麗夢同盟橿原支部の日記。日々の雑事や思いを並べる極私的テキスト

たまには書物のレビューでもしてみましょう。「海島冐險奇譚 海底軍艦」です。

2014-10-27 21:09:29 | アニメ特撮
 昨日の夜は雷は鳴る大雨は降るで大変うるさい一夜でした。お陰で今日は寝不足気味でしたが、秋も深まろうというこの時にこんな嵐の一夜があろうとは、少々意表を突かれました。そして今日は近畿地方で木枯らし1号が吹いたのだそうです。そう言えばちょっと風が強いなと思った時もありましたが、にわか雨がバラバラ降っていた時がそれだったんでしょうか。その後急に冷え込みが強くなってきましたが、これからは雨が降る度に寒くなってくるんでしょうね。木枯らし1号も昨年より8日早いそうですから、今年の冬は早くやってくるのかも。とりあえず明日朝はぐっと冷え込むそうですから、暖かくして寝るようにしたいと思います。
 
 さて、たまには本の感想でも書いてみましょう。
 題名は「海島冐險奇譚 海底軍艦」、作者は押川春浪です。たまたまアマゾンの無料版で見かけたので、タブレットに入れて読んでみる気になりました。明治33年(1900年)の作品と言いますから、夏目漱石などとほぼ同時代の文学作品になります。その古色蒼然とした文章形式にニヤニヤしながら読んでいたのですが、なかなかどうして、人を引き込む冒険奇譚として、結構面白いものがありました。
 表題にもなっている「海底軍艦」こと電光艇は作中でほんの少ししか出てこないのですが、まだ石炭焚いてもくもくと黒煙を上げながらえっちらおっちら船が走っていた明治時代にあって、特殊な薬液をエネルギー源に100ノット以上の超高速で海中を突っ走るなんてよく想像できたものです。さすがにレーダーやソナーはおろか、無線すら出てこないという、電気科学関係はほとんど皆無なところはご愛嬌ではありますが、ラストの海戦描写などには結構迫力もありました。
 それにしても、よくこれを下敷きにして、「海底軍艦」なんて映画を作れたものだ、と昭和38年の東宝製作陣にはほとほと感心しました。
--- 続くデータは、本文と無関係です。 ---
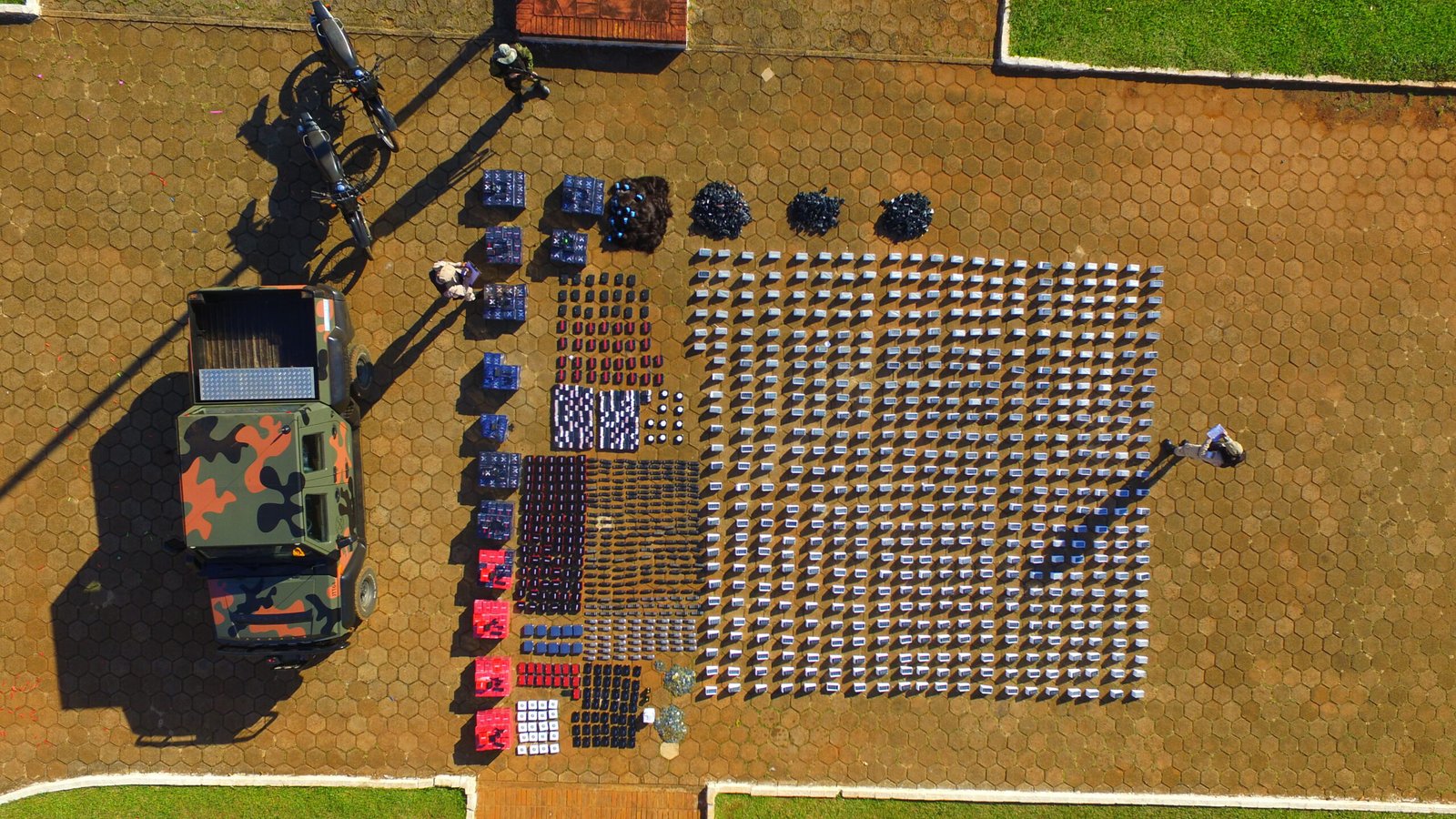 Prefectura decomisó un cargamento de celulares valuado en casi 50 millones de pesos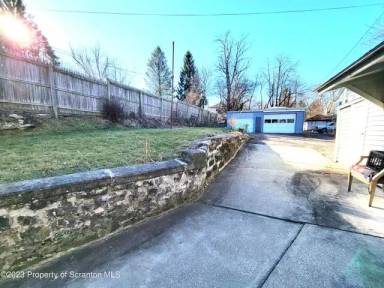 Main picture of 420 Genet Street - 3
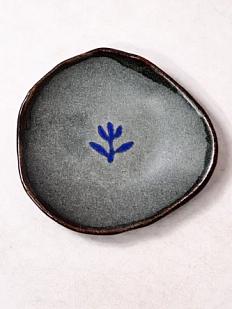 Тарелка ручной работы Кимбриа «Синий цветок», серая, керамика, 13 см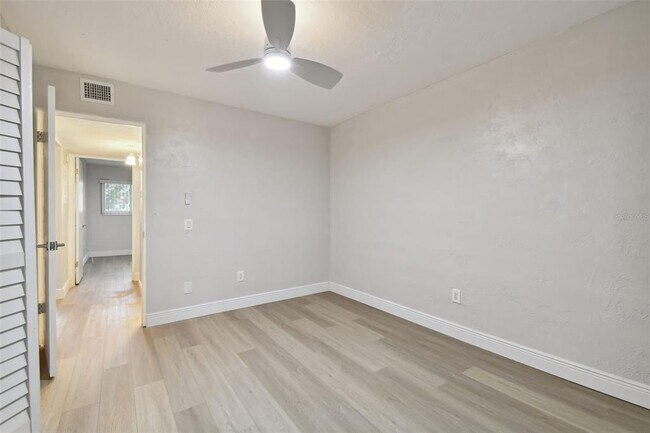 Building Photo - 2433 Brazilia Dr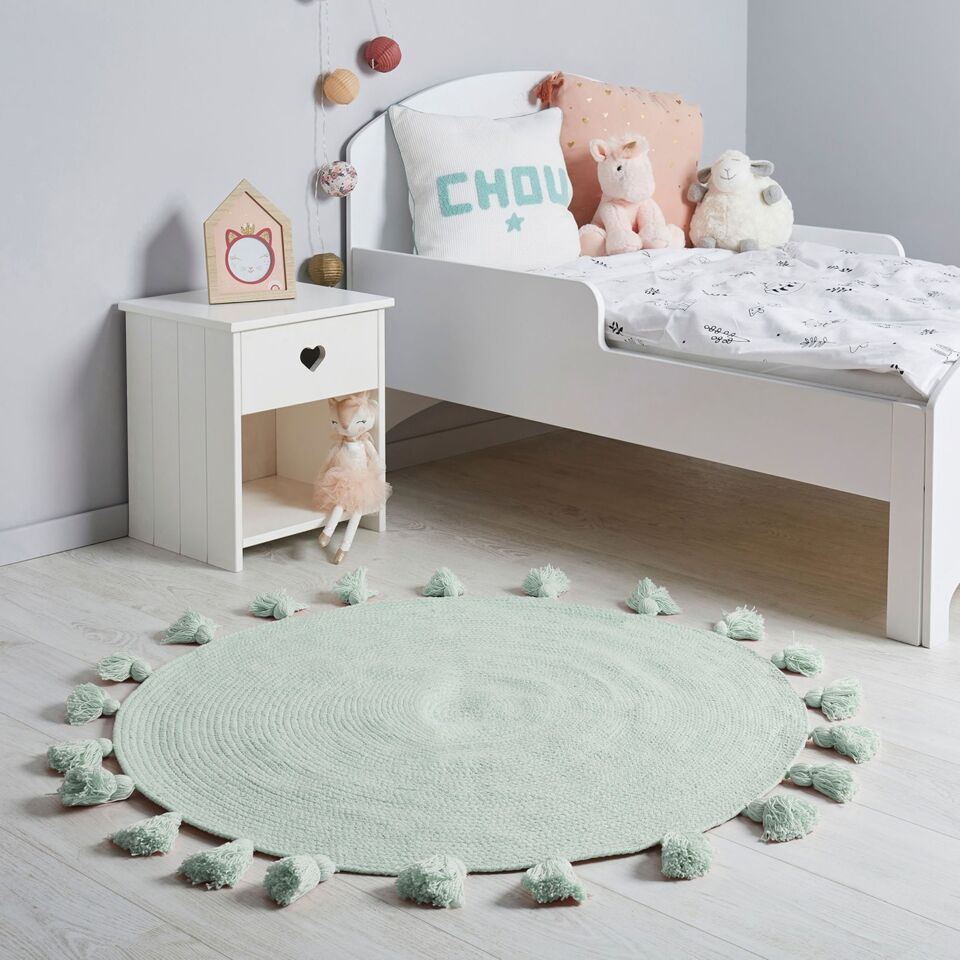 Kinderteppich Grün mit Bommeln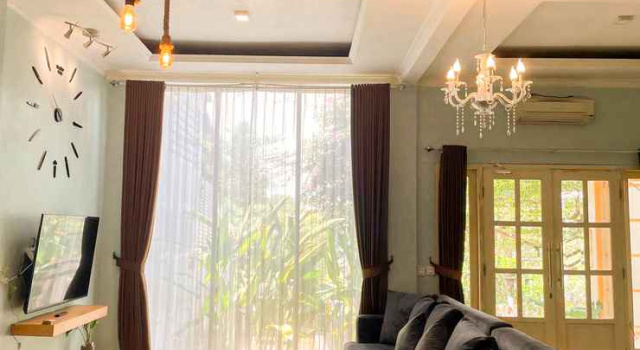 Villa Kamar Tamu Warungboto, Boek Villa Hotels in Yogjakarta met parkeren, Parkeren
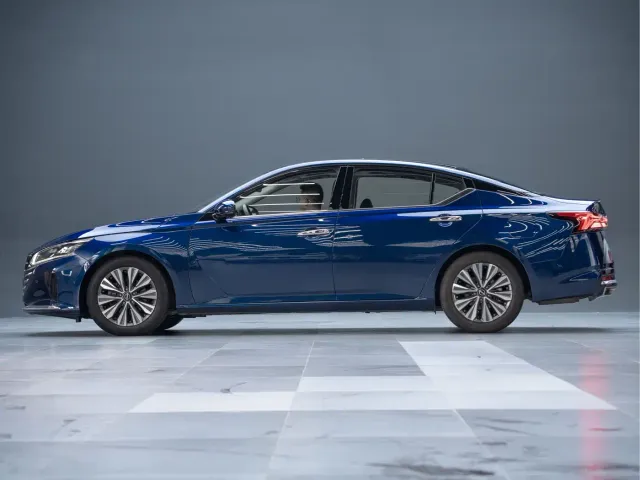 Nissan Teana — Фото автомобиля 9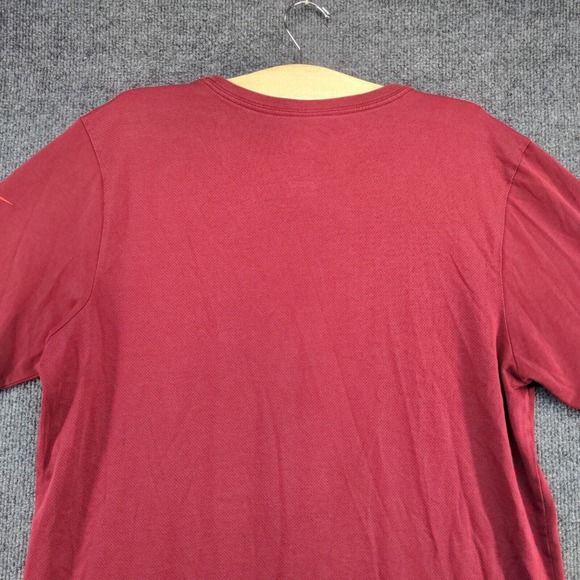 Nike Dri Fit Men's T Shirt Red Size L PolyCotton Triangle Logo - Picture 3 of 14
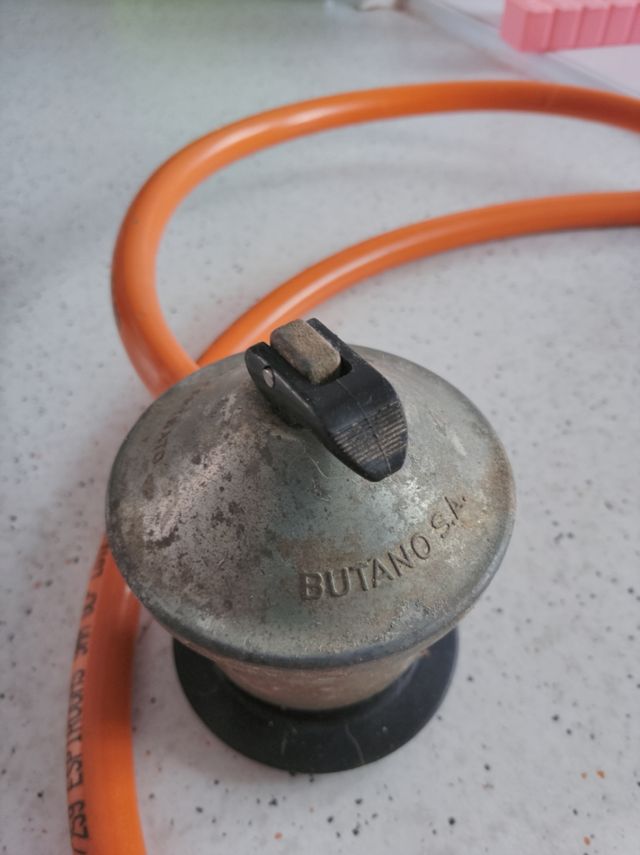Reguladores butano con goma incluida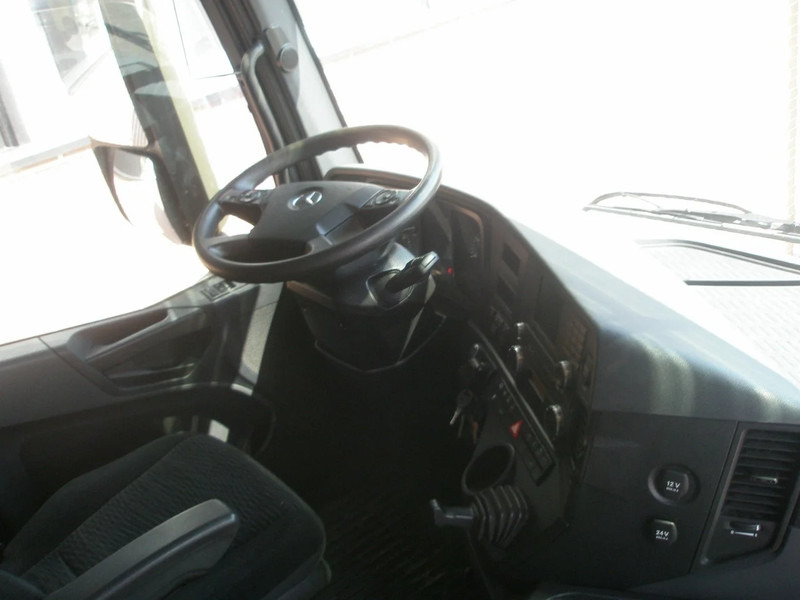 Mercedes-Benz Arocs 3351 3351 120 Ton - Trekker: afbeelding 5 Mercedes-Benz Arocs 3351 3351 120 Ton - Trekker: afbeelding 5
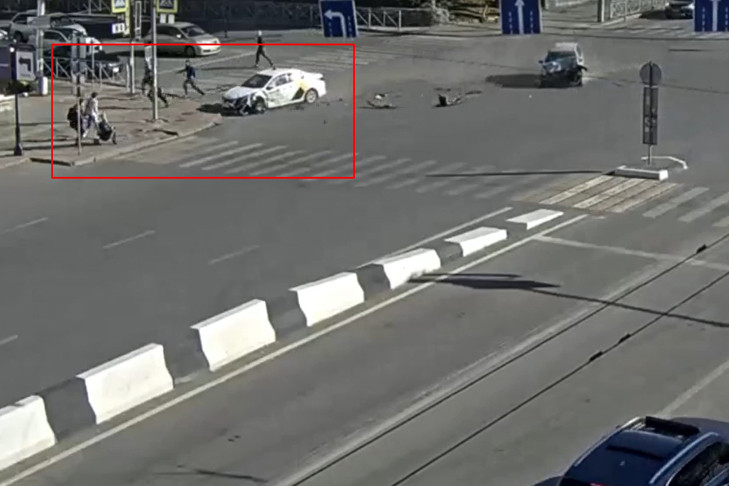 Момент наезда машины такси на годовалого ребенка попал на камеры Новосибирска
なんと言うなればストーリー的にほとんどその面影など無いのですから。科学に堪能な海軍大佐が数十名の部下達と絶海の孤島で驚天動地の新戦闘艦を創り上げる、というところ以外、全く似ても似つかぬお話なのです。あと電光艇のデザインはちょっとだけ轟天号に反映されているようですね。でもさすがに私もここまで違う話だとは想像もしておらず、何時謎の敵が出て、電光艇の大活躍が出てくるのか、と思いながら読み進め、読み終えてからようやくそんなストーリーはない、ということに気づいた次第でした。これが実際の本なら左手に残る残ページ数でおよその見当もつくのですが、アプリで電子書籍として読んでいると、残りのページ数とか直感的に判りません。お陰で話がどこまで行くのか、とちょっとしたワクワク感が最後まで維持出来ましたが、終わった時の尻切れトンボ感もまた凄まじく、これはこれで電子書籍の欠点かな、と思わないでもありませんでした。
 
 まあ内容的には幼稚なほどにご都合主義が過ぎます。当時の少年読み物だったと聞きますから、それでよし、というところもあったのでしょう。今、アニメや漫画でスレた好きモノが読んでもそういう点では失笑するしか無いかもしれませんが、時代の空気感や古めかしい文体に耽溺でき、童心に帰ってのハラハラ・ドキドキを楽しみたい、と言った向きには良いのではないでしょうか。その文体だけでも、昨今の適当なラノベを読むよりよほど楽しいと私は思いました。